INPUT DATA
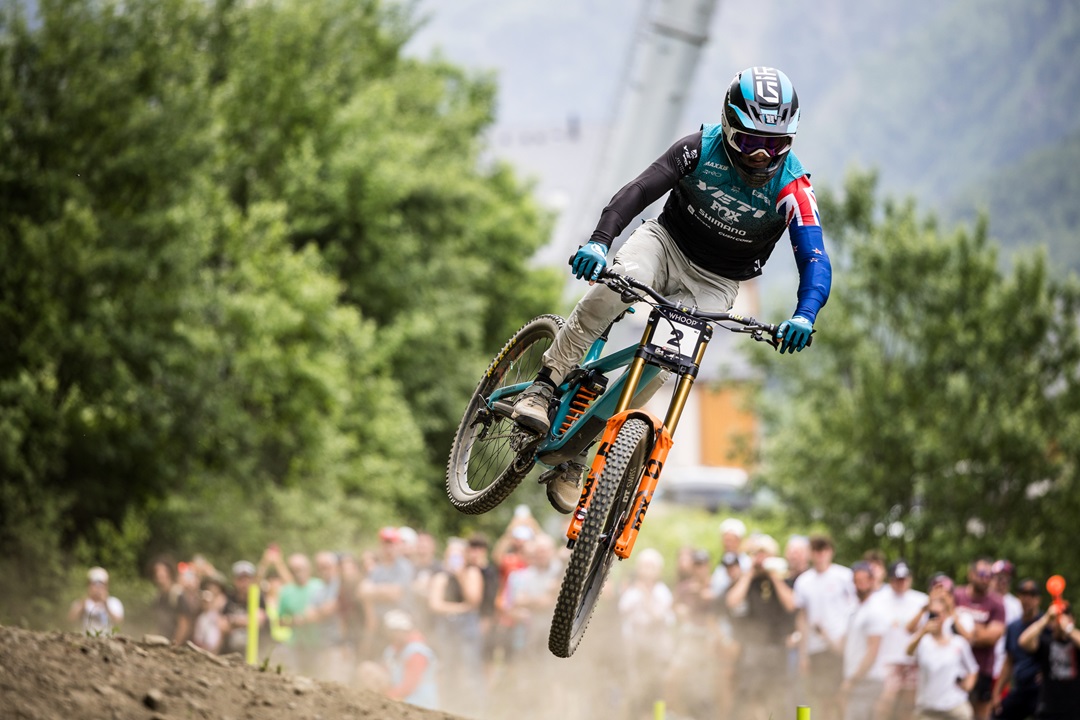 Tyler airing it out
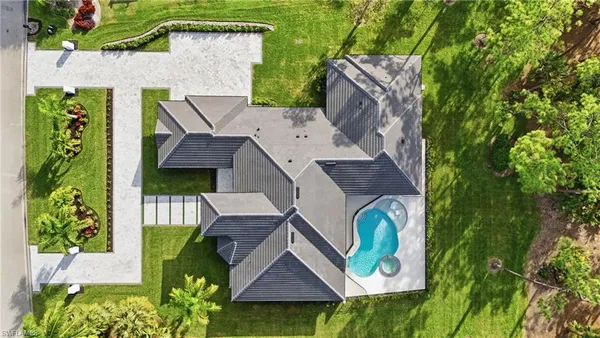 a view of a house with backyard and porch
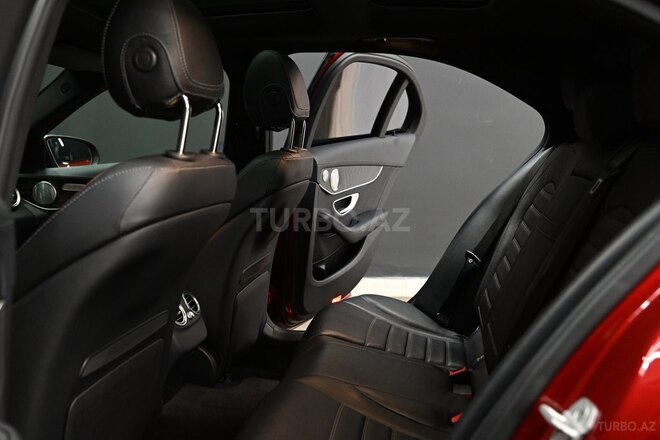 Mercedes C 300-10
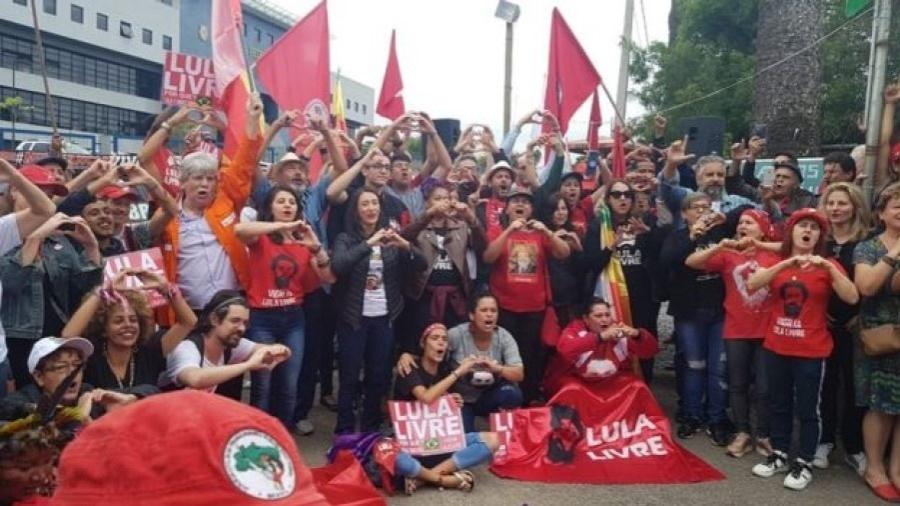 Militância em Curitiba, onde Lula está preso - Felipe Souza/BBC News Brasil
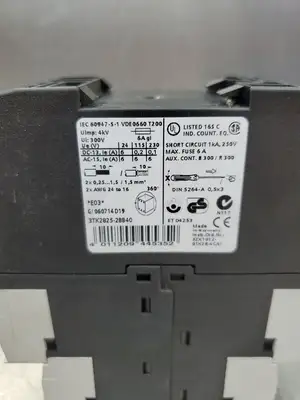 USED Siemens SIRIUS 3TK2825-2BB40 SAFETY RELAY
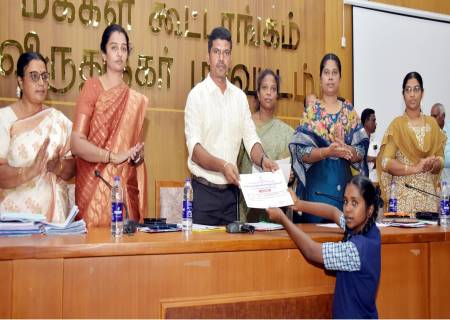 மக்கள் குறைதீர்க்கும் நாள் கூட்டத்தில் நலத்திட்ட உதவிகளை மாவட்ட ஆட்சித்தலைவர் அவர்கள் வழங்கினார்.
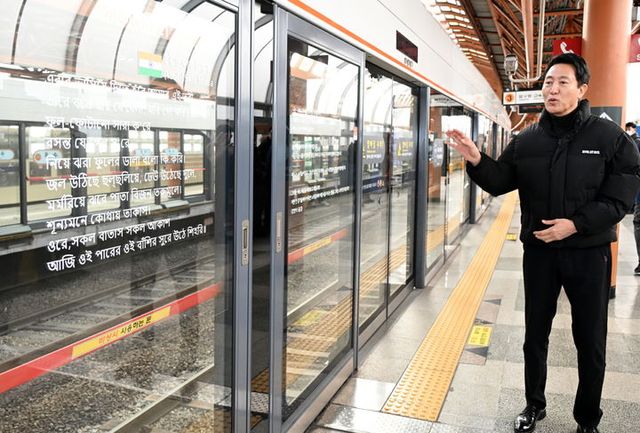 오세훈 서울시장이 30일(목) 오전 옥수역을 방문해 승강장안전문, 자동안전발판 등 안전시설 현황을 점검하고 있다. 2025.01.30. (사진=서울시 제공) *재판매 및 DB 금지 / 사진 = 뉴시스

AIM OF THE TASK
What you return must match the material above exactly, apart from its pictures.

REPLY
 Tyler airing it out
 a view of a house with backyard and porch
 Mercedes C 300-10
 Militância em Curitiba, onde Lula está preso - Felipe Souza/BBC News Brasil
 USED Siemens SIRIUS 3TK2825-2BB40 SAFETY RELAY
 மக்கள் குறைதீர்க்கும் நாள் கூட்டத்தில் நலத்திட்ட உதவிகளை மாவட்ட ஆட்சித்தலைவர் அவர்கள் வழங்கினார்.
 오세훈 서울시장이 30일(목) 오전 옥수역을 방문해 승강장안전문, 자동안전발판 등 안전시설 현황을 점검하고 있다. 2025.01.30. (사진=서울시 제공) *재판매 및 DB 금지 / 사진 = 뉴시스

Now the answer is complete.